Three days ago, in the mail, arrived our ABC license for our new location. We applied in February! A simple "premise to premise" transfer license that normally takes 2 to 3 months at the most, (and I am sure many think that is too much anyway) ended up taking 8 months. We camped at the old and the new location all that time. Receiving and shipping at the old location, office-ing and storing at the new, adding to GTE coffers and burning rubber between the two.
So if our service and response level has been a little sluggish, kindly excuse.
Tomorrow, to celebrate; Rosemarie and I are taking the staff, along with a few of our recent wine selections, to a small restaurant we discovered for an Armenian feast! Wish you were along.
See bottom of page 4 for our new warehouse and office location.
As to the wines this month... The French are not going to like this, but so be it…If anybody
made a "California Vouvray", the winemaker of San Juan Creek did. Vouvray is a well known French wine from the Loire made from the Chenin Blanc grape. Most California wines from the same grape have their own style. (fruitier and sweeter usually). Taste this and you can see the Loire river!

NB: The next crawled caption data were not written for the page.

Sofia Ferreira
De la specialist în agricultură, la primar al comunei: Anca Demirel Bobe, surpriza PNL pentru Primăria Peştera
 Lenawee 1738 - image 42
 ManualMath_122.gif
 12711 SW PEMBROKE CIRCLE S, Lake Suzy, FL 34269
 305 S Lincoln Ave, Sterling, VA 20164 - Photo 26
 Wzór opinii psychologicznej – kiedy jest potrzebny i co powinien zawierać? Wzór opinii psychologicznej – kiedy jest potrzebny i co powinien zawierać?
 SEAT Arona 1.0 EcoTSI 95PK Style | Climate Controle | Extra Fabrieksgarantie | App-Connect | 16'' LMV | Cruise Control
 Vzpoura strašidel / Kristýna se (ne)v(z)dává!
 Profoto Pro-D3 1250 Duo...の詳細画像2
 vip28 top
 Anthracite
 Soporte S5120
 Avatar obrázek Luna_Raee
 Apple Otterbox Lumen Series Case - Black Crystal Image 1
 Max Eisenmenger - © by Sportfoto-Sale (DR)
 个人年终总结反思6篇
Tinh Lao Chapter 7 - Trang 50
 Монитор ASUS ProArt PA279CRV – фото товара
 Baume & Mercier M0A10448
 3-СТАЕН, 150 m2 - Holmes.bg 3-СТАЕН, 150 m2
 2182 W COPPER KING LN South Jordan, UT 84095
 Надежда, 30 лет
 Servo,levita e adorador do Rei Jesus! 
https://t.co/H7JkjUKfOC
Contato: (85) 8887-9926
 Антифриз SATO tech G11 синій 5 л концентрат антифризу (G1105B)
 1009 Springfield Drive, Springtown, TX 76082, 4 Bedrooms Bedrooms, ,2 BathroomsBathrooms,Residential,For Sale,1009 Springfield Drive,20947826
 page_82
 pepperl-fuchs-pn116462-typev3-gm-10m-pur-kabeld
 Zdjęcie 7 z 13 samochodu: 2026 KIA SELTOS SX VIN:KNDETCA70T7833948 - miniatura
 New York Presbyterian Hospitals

The red is a classic example of the better wines coming from Spain recently. The area around Barcelona is becoming equally as famous as Jerez and Rioja. (known for sherry and red wines respectively).
= INSIDE… =
= Chenin Blanc(Dry)'84.Sn.Jn pg.2 =
= Gran Coronas Res.'81.Torrs pg.3 =
= This matter of Touring pg.4 =
= From Your House to Theirs pg.5 =
= WOMC Cellar Notes pg.5 =
= Adventures in Eating by R pg.6 =
= Wine order form pg.7 =
= Gift order form pg.8 =
Membership in the Wine of the Month Club is open to anyone with an interest in and an appreciation for fine wines...and excellent wine values. Membership is FREE. For info, write: The Cellarmaster Wine of the Month Club, P.O. Box 217, Palos Verde, CA 90274. (213) 534-1980
THIS MONTH'S DOMESTIC SELECTION
CHENIN BLANC (DRY), 1984. SAN JUAN CREEK
In fourteen years, and featuring over 350 selections, we have come up with a few "firsts." Here is another...a matter of appellation. This San Juan Creek label is one you can hold up to one of your enophile friends and, like the old magazine ploy, ask, "What's wrong with this picture?" Well, nothing actually, except It says that the wine was grown at Rancho Mission Viejo in Orange County!
You, non-Southern Californians, may not think this is any big deal, but we sure do. First of all, wine grapes have not been produced here since 1888, two years shy of a century. Some of us remember far back enough to know that Orange County received its name from orange groves, not the groves of condominiums and shopping centers on view today.
This wine came from a rather old piece of property called the O'Neil Ranch on the Ortega Highway near Lake Elsinore, about 60 miles south of the L.A. Airport.
The ranch was owned by a colorful gent, Richard O'Neil, who actually "earned" it by working off the purchase price as the manager of the over 100,000 acres. He was in partnership with a good friend who O'Neil convinced to purchase the property out of bankruptcy in the first place. His friend, James Flood, bought the property and allowed O'Neil to work off half of it. Both made out quite well.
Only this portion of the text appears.